→ WORK ITEM
The range runs from the line containing "WHITE SAND Shorts" through the last line of the material below; retype it exactly, leaving out the pictures.

→ RECORDED DATA
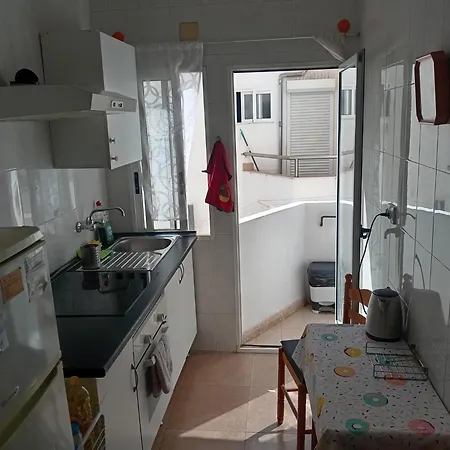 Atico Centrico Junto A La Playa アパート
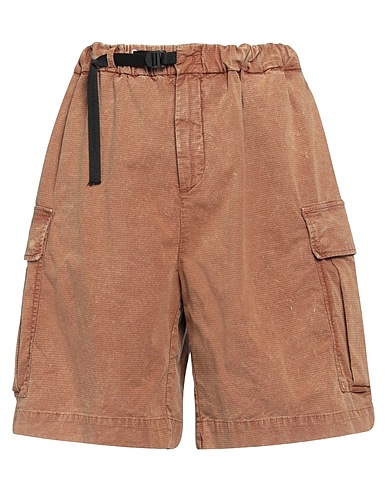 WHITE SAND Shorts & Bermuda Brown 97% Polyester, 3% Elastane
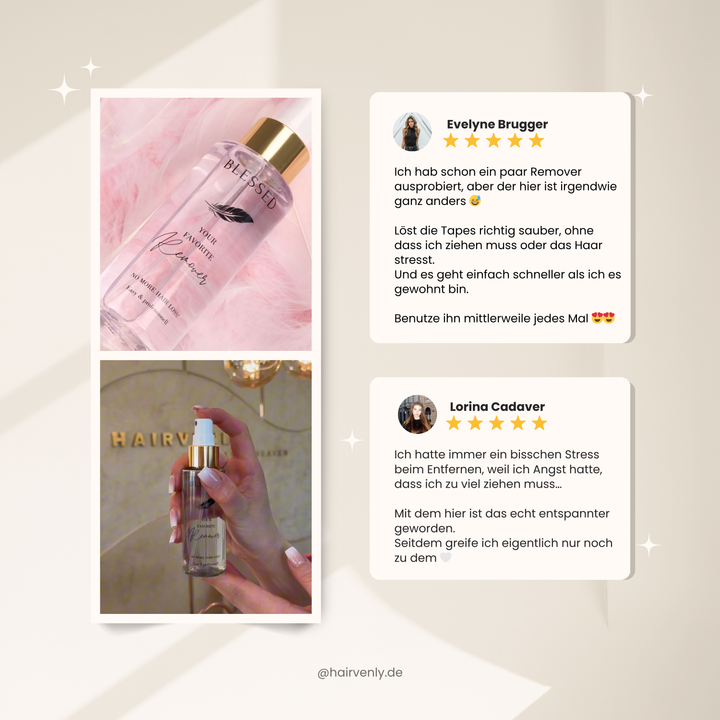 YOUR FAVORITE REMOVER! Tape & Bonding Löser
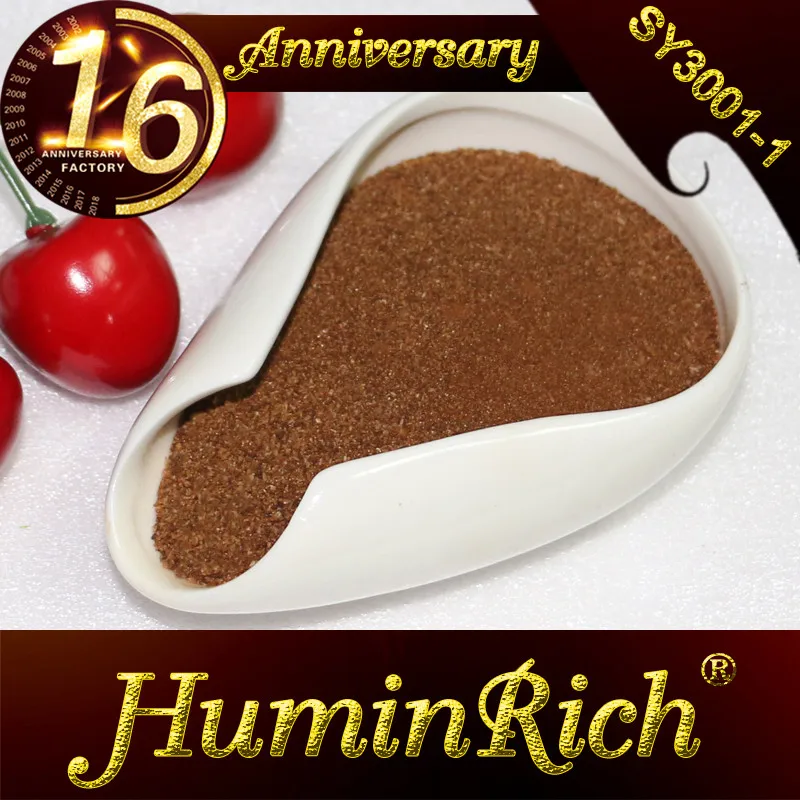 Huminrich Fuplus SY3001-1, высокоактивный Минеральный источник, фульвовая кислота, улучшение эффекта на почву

→ ANSWER TO THE PROBLEM
 WHITE SAND Shorts & Bermuda Brown 97% Polyester, 3% Elastane
 YOUR FAVORITE REMOVER! Tape & Bonding Löser
 Huminrich Fuplus SY3001-1, высокоактивный Минеральный источник, фульвовая кислота, улучшение эффекта на почву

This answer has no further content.